(Image-caption web data)

================

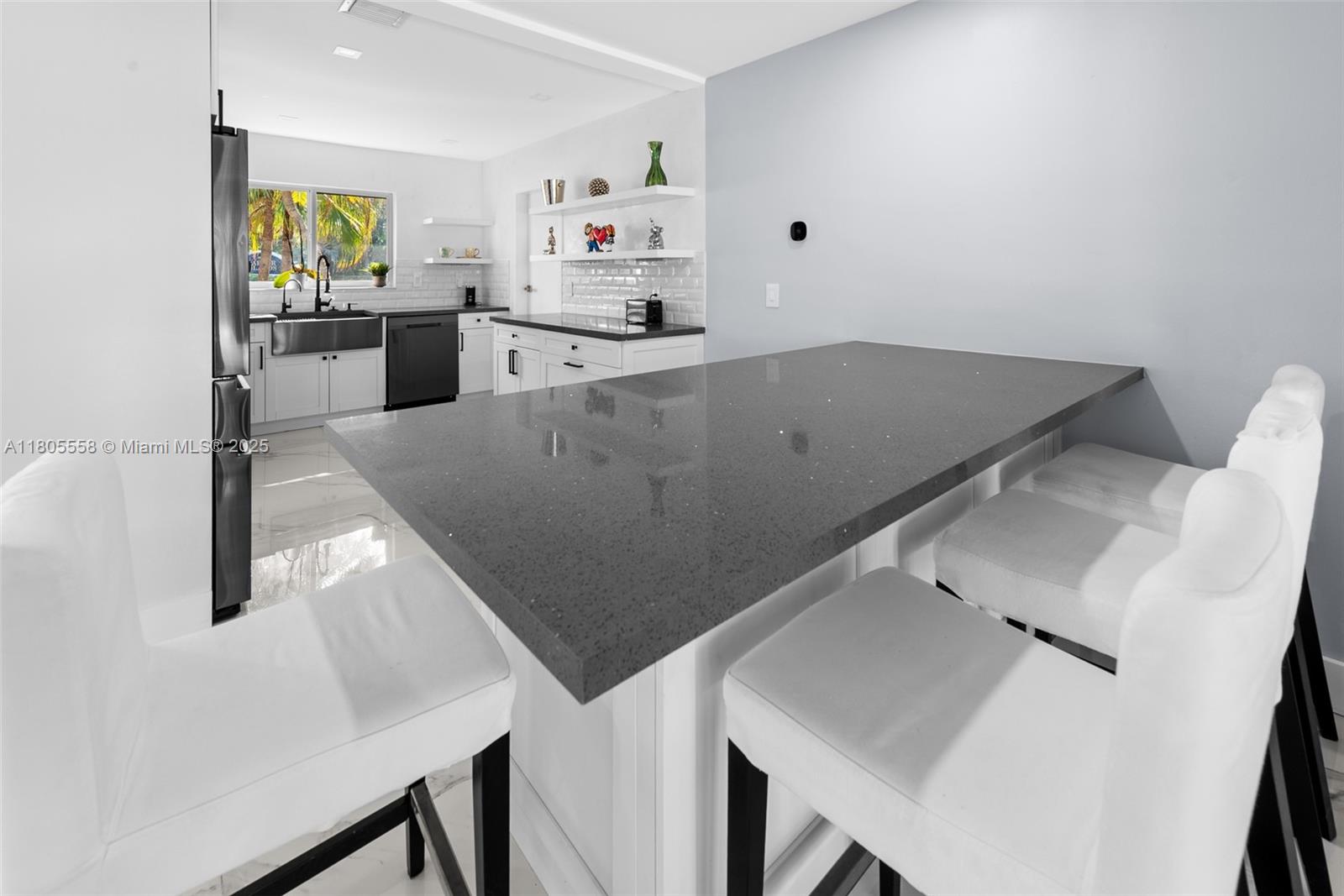 HOLLYWOOD LAKES SECTION - Residential
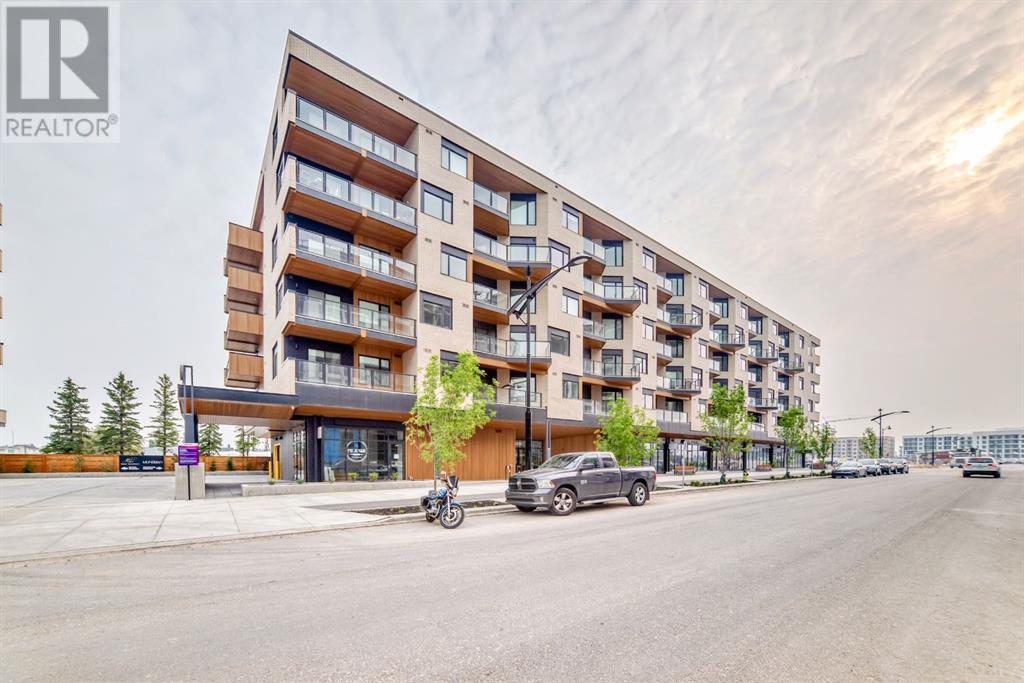 411, 8230 Broadcast Avenue SW, Calgary, Alberta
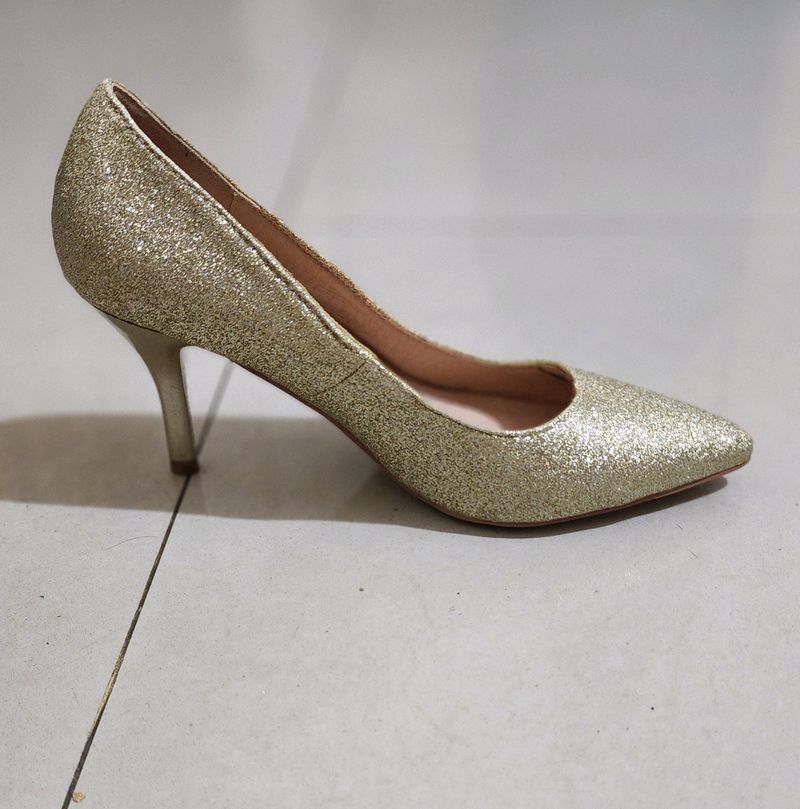 Shine N Sparkle  Party Golden Heels By Carlton Lon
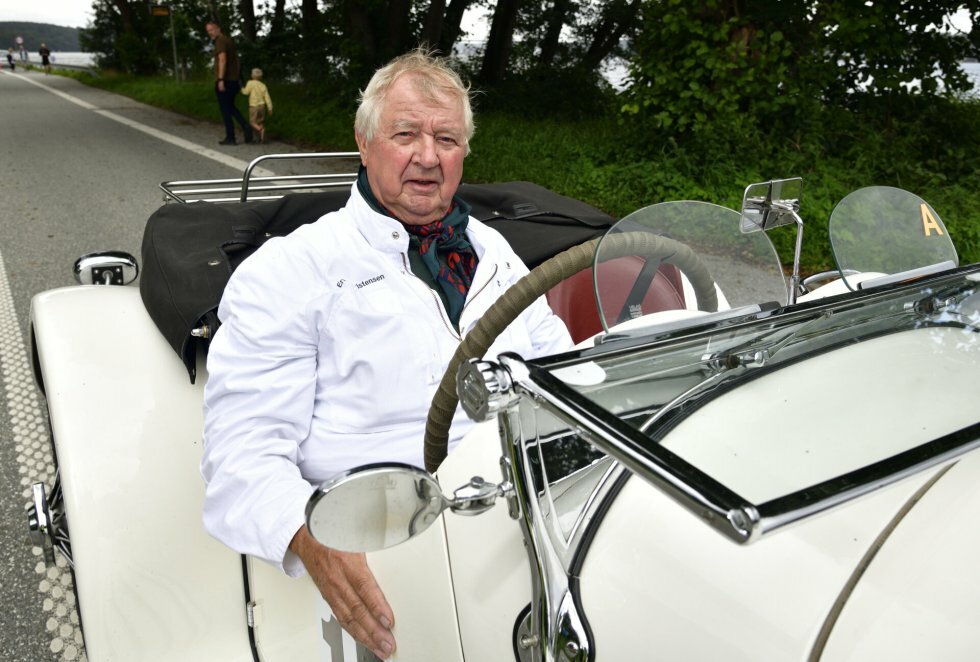 Grand Old Man i Munkebjerg Hill Climb, Ernest Kristensen fra Vejle, stiller op i sin SS 100 fra 1935 ? en bil, der blev forløberen for Jaguar-mærket. - Klar til Munkebjerg Hill Climb: Klassisk Bilfest på Bjerget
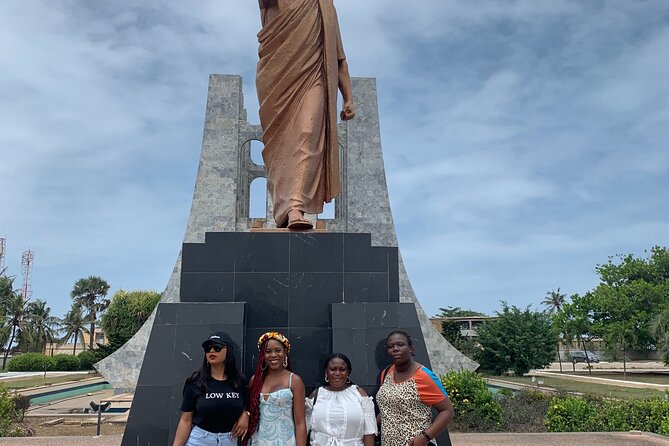 Private City Tour in Accra With Hotel Pickup and Lunch - Booking and Cancellation Policy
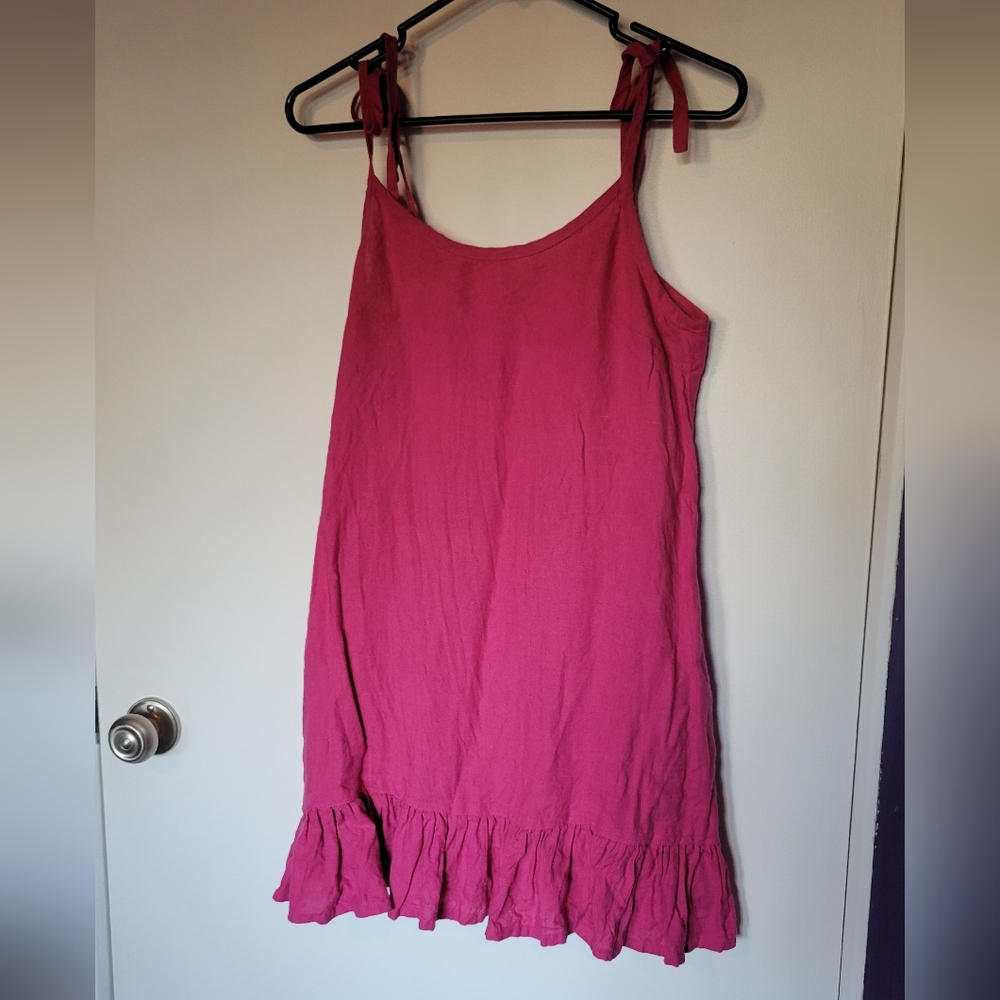notPERFECTLINEN Sarah Mini Ruffle Dress in Magenta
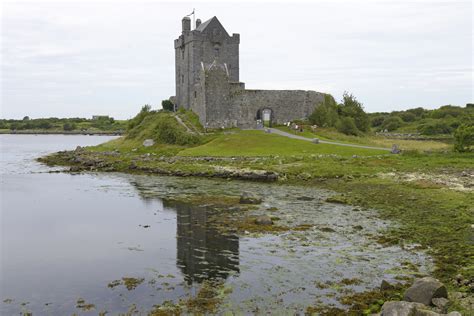 Kinvara - Dunguaire Castle (1) | Burren | Pictures | Ireland in Global-Geography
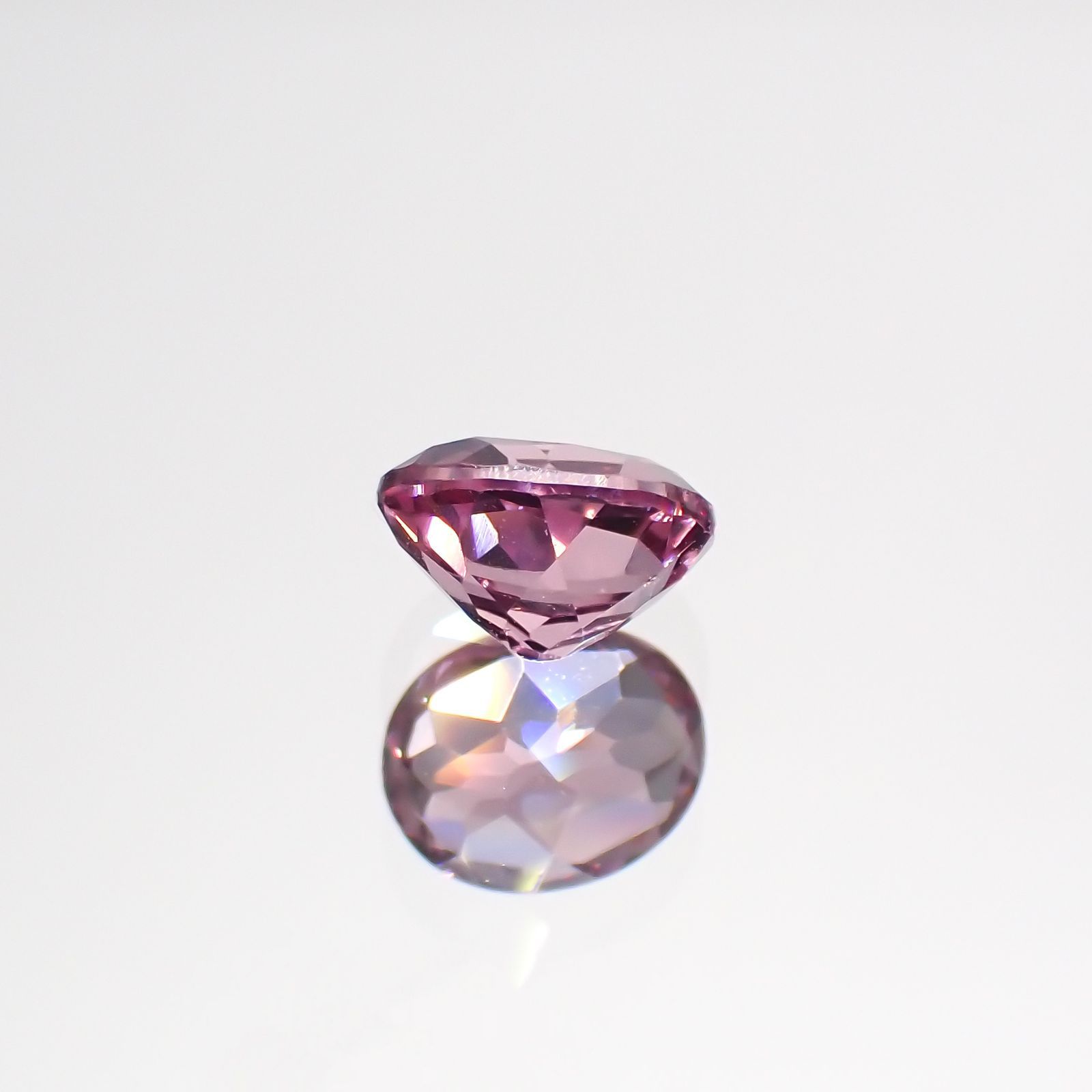 カラーシフトマラヤガーネット(宝石名ガーネット)タンザニア産 識別済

================

[WORK INSTRUCTIONS]: Write every entry out again exactly, images omitted.

[ANSWER FOR THE TASK]:
 HOLLYWOOD LAKES SECTION - Residential
 411, 8230 Broadcast Avenue SW, Calgary, Alberta
 Shine N Sparkle  Party Golden Heels By Carlton Lon
 Grand Old Man i Munkebjerg Hill Climb, Ernest Kristensen fra Vejle, stiller op i sin SS 100 fra 1935 ? en bil, der blev forløberen for Jaguar-mærket. - Klar til Munkebjerg Hill Climb: Klassisk Bilfest på Bjerget
 Private City Tour in Accra With Hotel Pickup and Lunch - Booking and Cancellation Policy
notPERFECTLINEN Sarah Mini Ruffle Dress in Magenta
 Kinvara - Dunguaire Castle (1) | Burren | Pictures | Ireland in Global-Geography
 カラーシフトマラヤガーネット(宝石名ガーネット)タンザニア産 識別済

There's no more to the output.